• _ASSIGNED TASK_: In the entries below, repeat only the lines between those holding "Mother and grandmother" and "Genesis Enclosure outdoor", inclusive. Leave pictures out.

• _EXERCISE MATERIAL_:

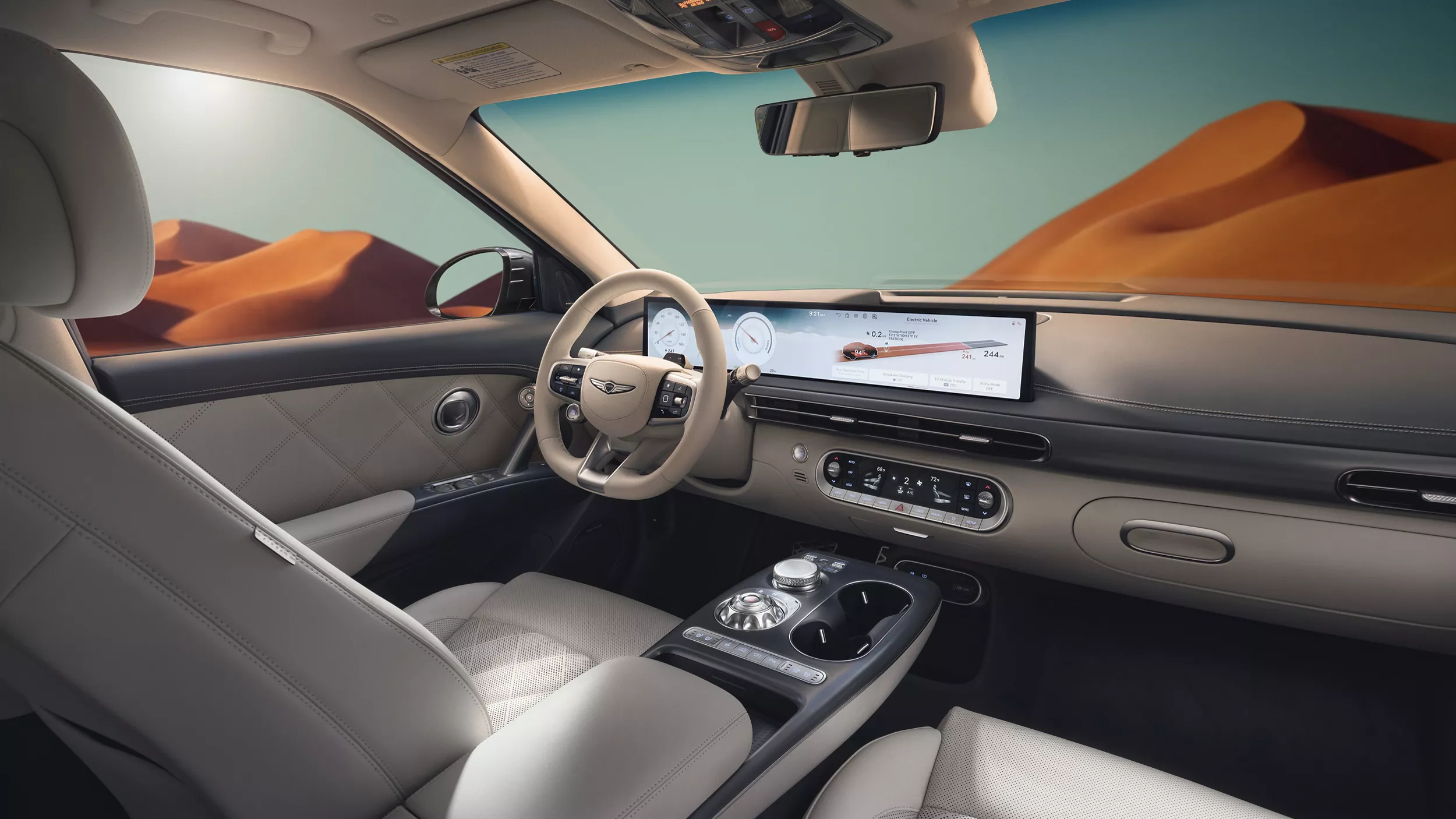 Interior view of gray front seating inside Genesis GV60 with blue sky and mountains in background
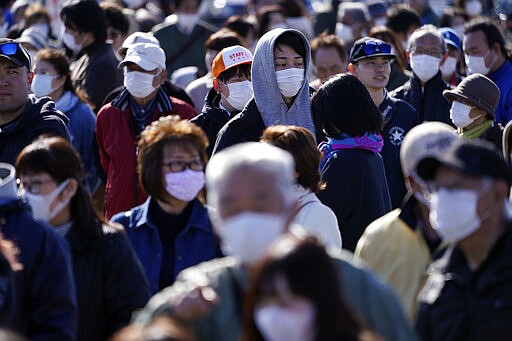 Spectators wait to see the Olympic flame display ceremony in Iwaki, Fukushima Prefecture, northern Japan, Wednesday, March 25, 2020. IOC President Thomas Bach has agreed &quot;100%&quot; to a proposal of postponing the Tokyo Olympics for about one year until 2021 because of the coronavirus outbreak, Japanese Prime Minister Shinzo Abe said Tuesday. (AP Photo/Eugene Hoshiko)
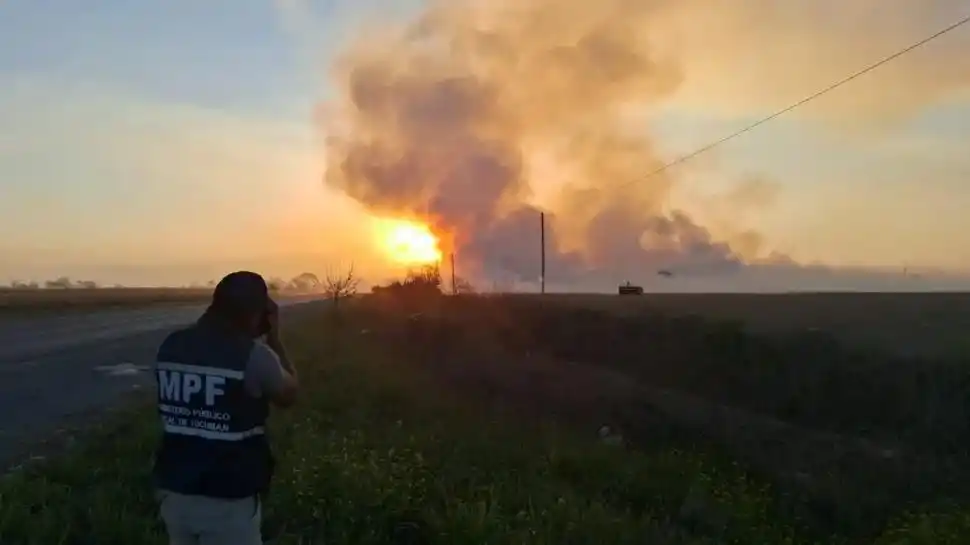 BUSCANDO PRUEBAS. Un perito del ECIF toma imágenes de la columna de humo que generó un incendio cerca de una ruta en el interior tucumano.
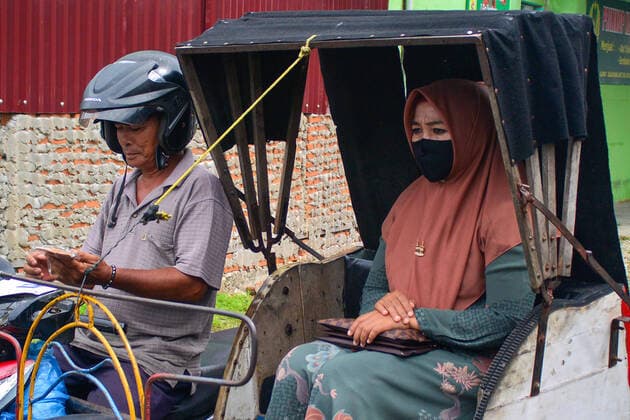 April 13, 2020, Blangpidie, Aceh, Indonesia: A passenger wearing a face mask as a precaution against the spread of coronavirus sits in a rickshaw..The Indonesian government requires people to wear masks whenever they are outside their homes in accordance with recommendations from the World Health Organization (WHO) to prevent the spread of COVID-19 in Indonesia. Blangpidie Indonesia - ZUMAs197 20200413_zaa_s197_048 Copyright: xMimixSaputrax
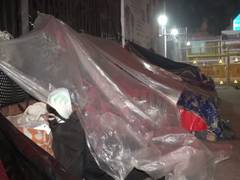 
      
      Patients & relatives brave chilling winter on footpath...
      
      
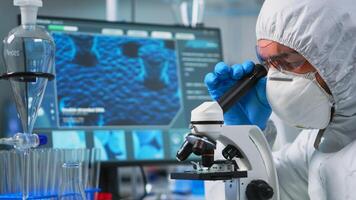 Close up of man scientist looking through a microscope in modern equipped lab. Lab technician examining virus evolution using high tech for scientific research of treatment development against covid19 photo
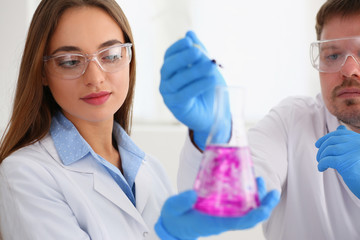 Technician hold in arms in protective gloves sample bottle with poison fluid portrait. Medical worker in uniform use reagent tube for virus infection exam water biological toxic reaction drug creation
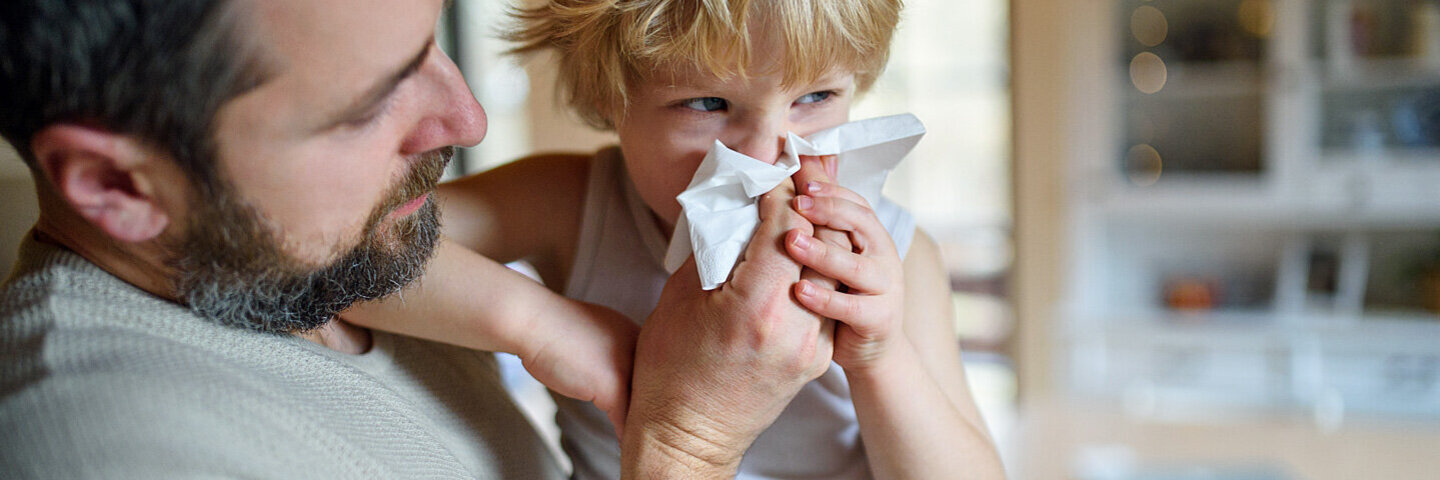 Vater hält seinen am RS-Virus erkrankten Sohn im Arm und putzt ihm die Nase.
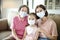 Mother and grandmother help daughter wearing face mask to prevent  air pollution and COVID-19 coronavirus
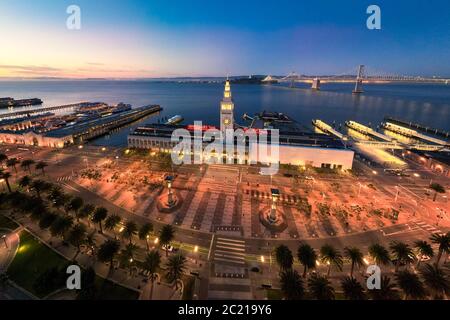 Aerial view of San Francisco Ferry Building and Justin Herman Plaza illuminated at night. Empty during shelter in place due to coronavirus. California Stock Photo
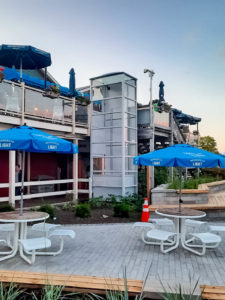 Genesis Enclosure outdoor installation with glass walls on patio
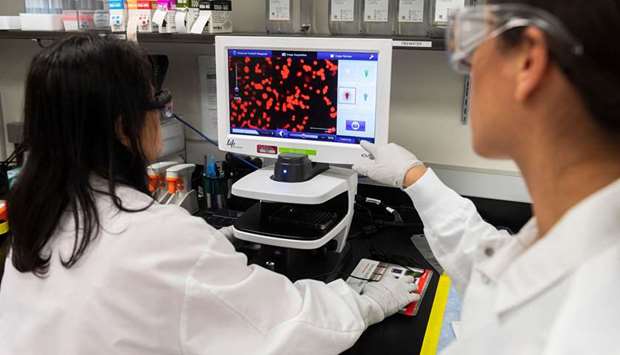 INSPECTION: Dr Sonia Macieiewski, right, and Dr Nita Patel, Director of Antibody discovery and Vaccine development, look at a sample of a respiratory virus at Novavax labs in Rockville, Maryland.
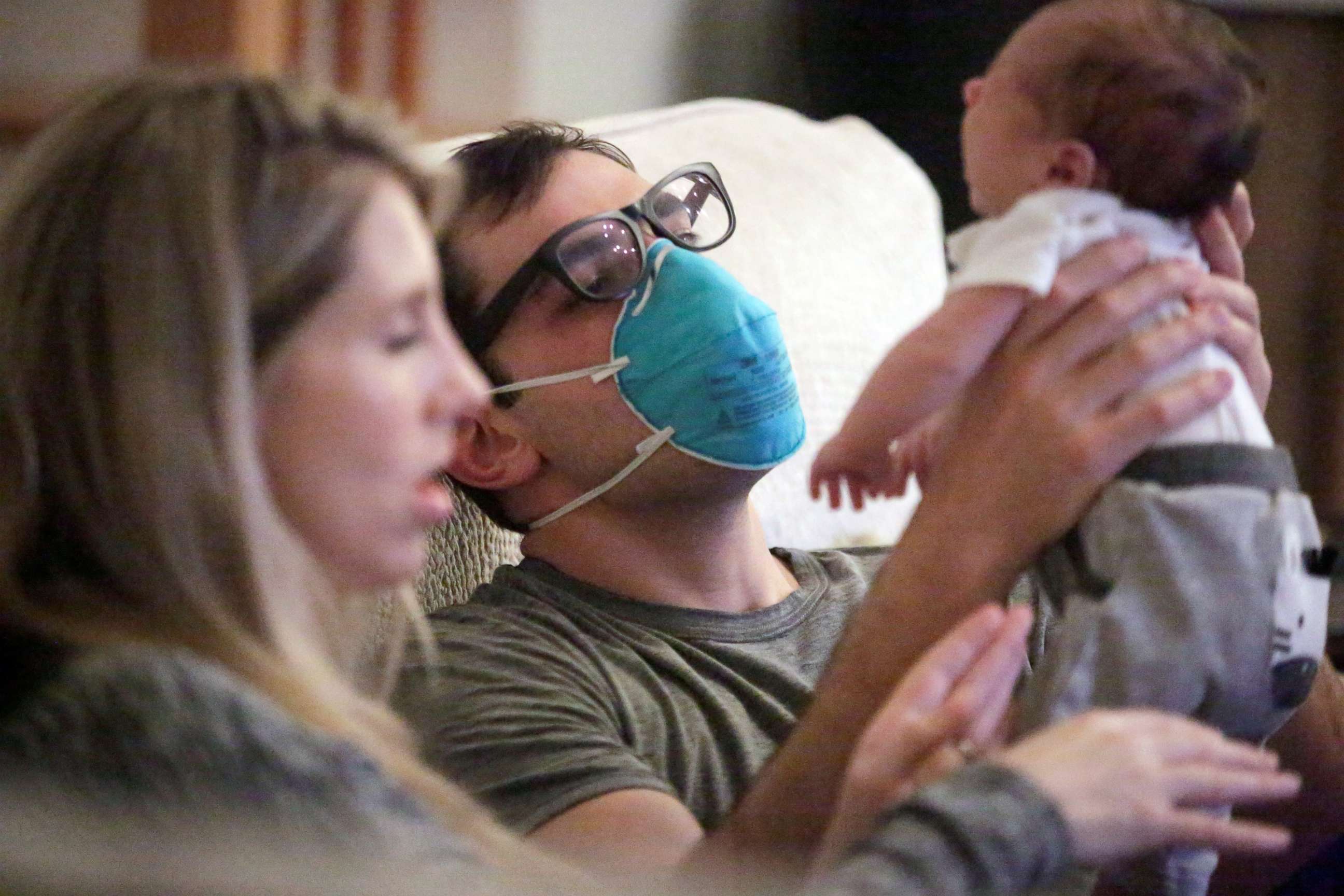 PHOTO: Emergency medicine physician Thomas Krajewski wears a mask as he holds his baby Cal with his wife Genevieve after finishing his shift amid an outbreak of coronavirus disease in New Orleans, March 27, 2020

• _SOLUTION FOR THIS TASK_:
 Mother and grandmother help daughter wearing face mask to prevent  air pollution and COVID-19 coronavirus
 Aerial view of San Francisco Ferry Building and Justin Herman Plaza illuminated at night. Empty during shelter in place due to coronavirus. California Stock Photo
 Genesis Enclosure outdoor installation with glass walls on patio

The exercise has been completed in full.